Media @ McGill

Cheryl Thompson | The Racialization of Beauty Culture, Hollywood Films, and Advertising, 1920–1939

Submitted by Justin on
English

 

The Media@McGill Graduate Research Fellowship will be used to complete the third chapter of my dissertation, ‘The Racialization of Beauty Culture, Hollywood Films, and Advertising, 1920-1939.’ This chapter explores how the mainstream beauty culture industry and the black beauty culture industry intersected with the rise of Canada’s culture industry in the 1920s. I provide an historical account of when Canada’s black beauty culture industry began and the changes that it underwent between 1920 and 1940. Given that there are few publications from the 1920s about black Canadians, my analysis is primarily of the editorial content and beauty advertisements in The Dawn of Tomorrow, a black newspaper operated out of London, Ontario, which began in 1923.

This chapter will also explain how migration impacted black communities in the first part of the twentieth century. Blacks arrived from the Anglophone West Indies, the United States, and the United Kingdom, but there was also migration between provinces as blacks moved from the Maritimes to Quebec and Ontario, and others migrated to Western Canada. I also explore how Canada’s ladies’ magazine, Chatelaine, helped to define not just beauty culture in Canada but also the parameters of citizenship and nationhood. Through an analysis of advertisements for Aunt Jemima Pancake Mix, Topsy-Turvy dolls, and Aunt Jemima dolls in not just Chatelaine, but also the Toronto Globe and the Daily Star, I argue that black women were positioned outside discourses of modernity, and kept frozen in time as ‘happy-to-please’ menials. This depiction of black womanhood, however, ran counter to the editorials and advertising content of black newspapers. The Hollywood films under consideration in this chapter are Imitation of Life (1934) and Gone With the Wind (1939). In both cases, the character of ‘Mammy’ came to represent black womanhood on the big screen, but also in real-life. I consider how ‘Mammy’ became as much a Canadian representation of black womanhood, as it was in the United States.

Ultimately, I argue that the 1920s and 1930s witnessed the emergence of a mainstream beauty culture precipitated on an Anglo-Saxon whiteness and notions of femininity. As white women’s hair grew shorter and shorter, they also abandoned modesty, tradition, and conformity.
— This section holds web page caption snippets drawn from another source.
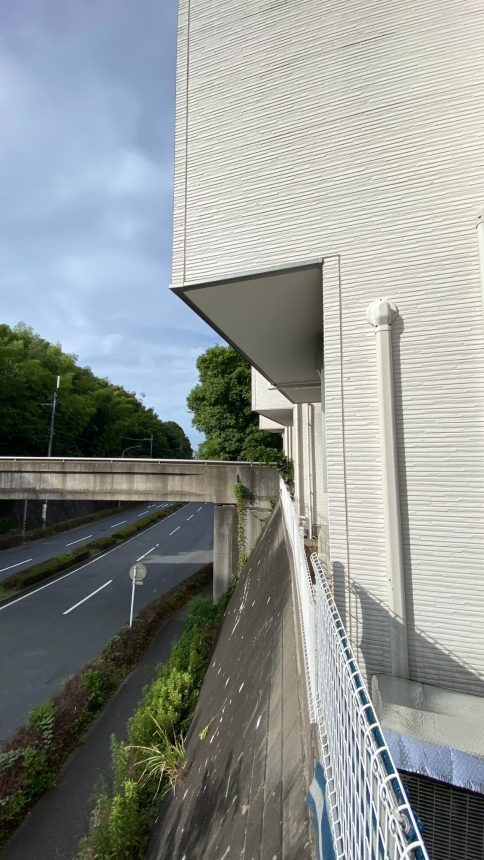 高い擁壁よりも外側へ張り出した住宅の外壁と道路までの高低差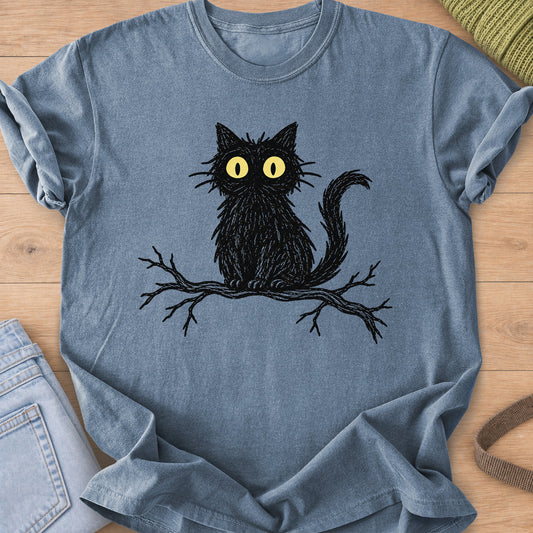 Fluffy cat with wide staring eyes sitting on a bare tree branch, black and yellow ink on a Blue Jean T-Shirt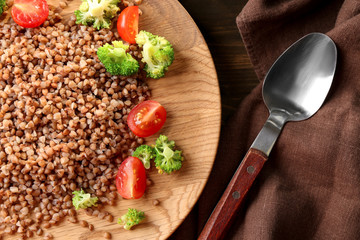 Plate with tasty buckwheat porridge and vegetables on table, closeup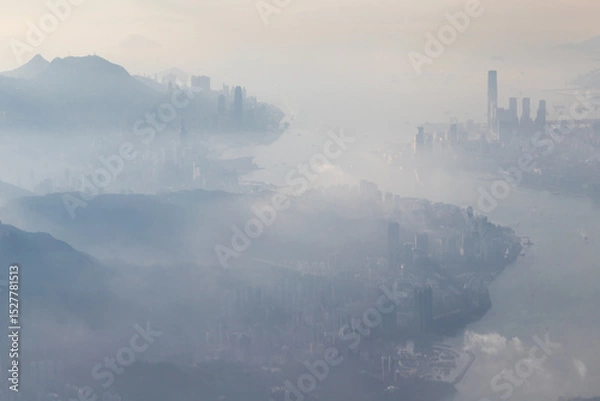Fototapeta Aerial view from a Cathay Pacific plane over the various Islands of Hong Kong and the financial district with many high-rise skyscrapers creating a dense country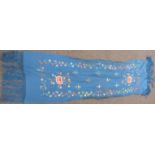 A 19th/20thC Chinese blue scarf with embroidered floral decoration and fringes, 180 x 45cm including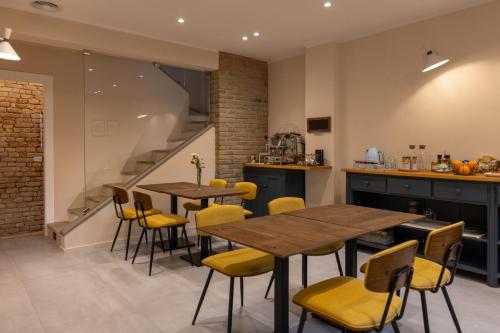 eine Küche und ein Esszimmer mit Holztischen und gelben Stühlen in der Unterkunft Room & Breakfast Civico 07 in Fontanellato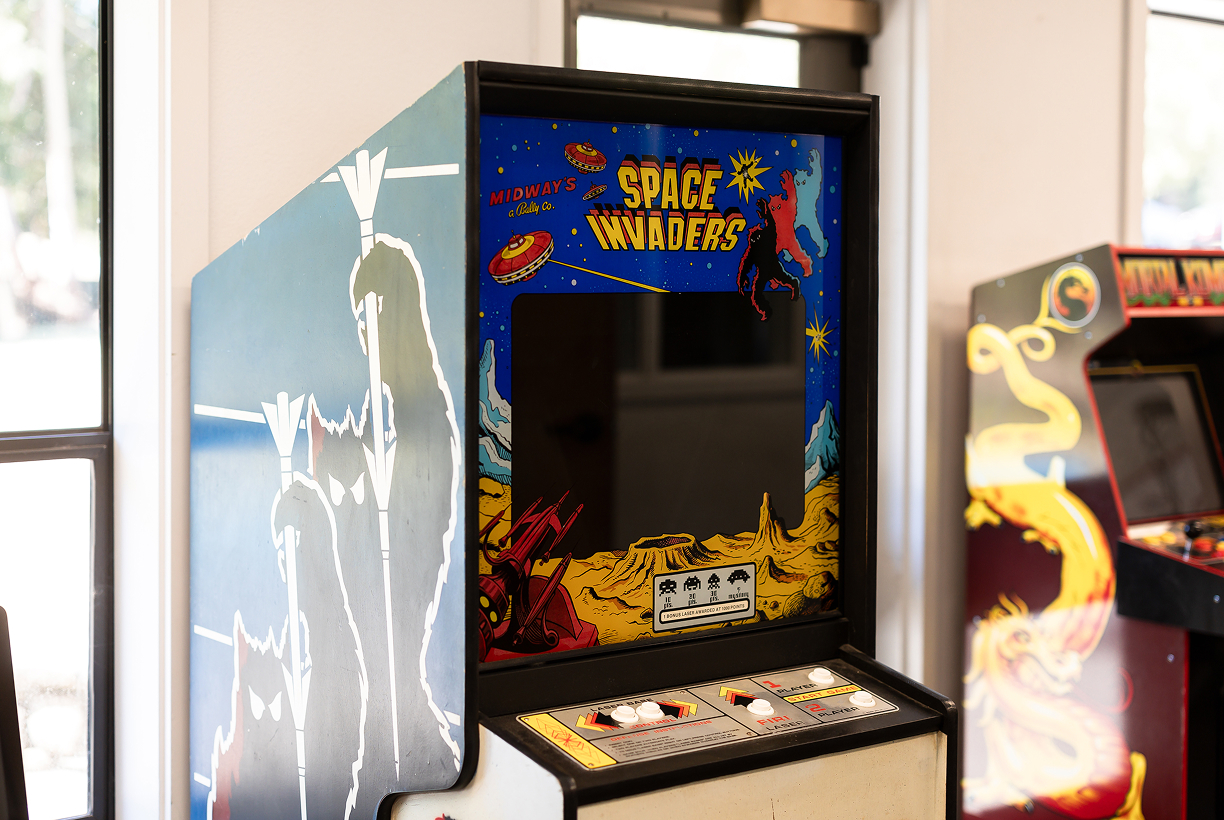 Retro arcade game setup in student common area.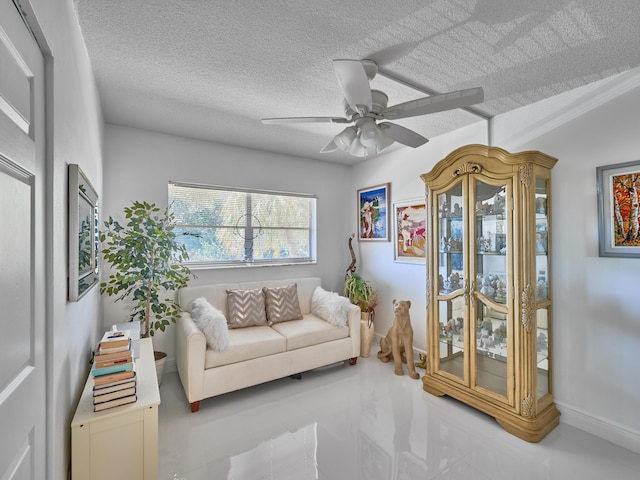 living area with ceiling fan and a textured ceiling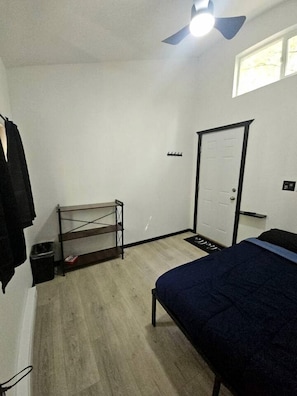 Een slaapkamer met een bed, een plank, een deur en een plafondventilator.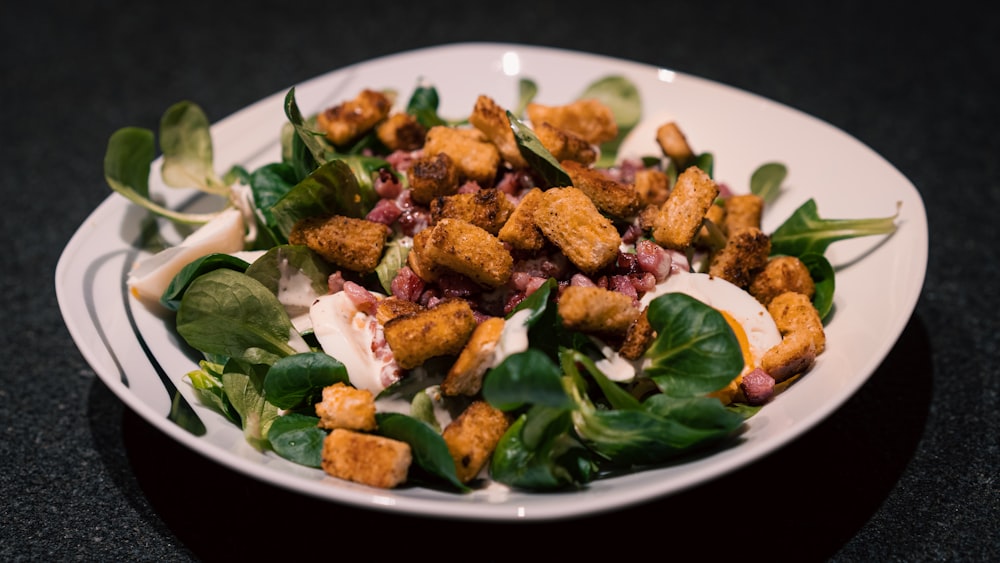 a white plate topped with a salad covered in croutons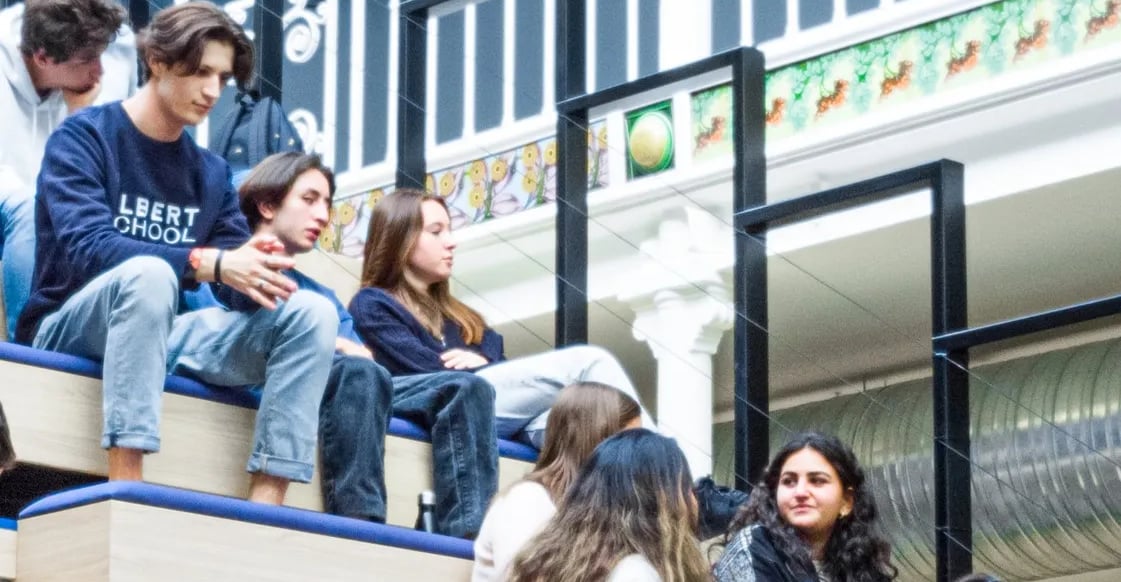 a group of people sitting on a bench in Albert School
This abandonment of traditional values meant that they became highly invested in the capitalist consumption of beauty. By 1939, the black counterpart to the blonde and brunette remained their servant. Hattie McDaniel, after all, was the first African American actress to win an Oscar, but she did so by playing a stereotypical Southern Mammy in Gone with the Wind. Outside the realm of true womanhood and femininity, black women’s beauty simply did not exist in Canada during the period.

The Media@McGill research fellowship will also be used to start writing chapter four of my dissertation, ‘Canada’s Black Beauty Culture Industry: Wigs, Relaxers, and Afros, 1940–1980.’ In this chapter, I explore the editorial content and beauty advertisements of Ebony, a glossy general-interest magazine for African-Americans that appeared in 1945. From its outset, Ebony circulated in Canada giving black women an outlet to see their own beauty reflected back onto them, in addition to fashion, beauty advice, products for hair and skin, and black celebrities. I also examine the Clarion, Contrast, and Share (three black magazines that emerged in Nova Scotia, Ontario and Quebec in the 1940s, 1960s and 1970s). Beginning in late-1960s, large retailers like Eaton’s and Simpson’s, and drug stores, such as Shopper’s Drug Mart, began to market to black women, whom they had hitherto virtually ignored, by selling black hair care and skin care products. The chapter provides an analysis of how these companies solicited black women consumers, which hair and skin products were marketed to black women, how hairstyles changed during the time period, and the locations where black hair care salons, largely owned by West Indian immigrants, who migrated to Canada during the country’s mid-century immigration wave, opened. I also consider the myth of Canadian diversity, Multiculturalism, and how the continued presence of racial stereotypes maintained a colour-line.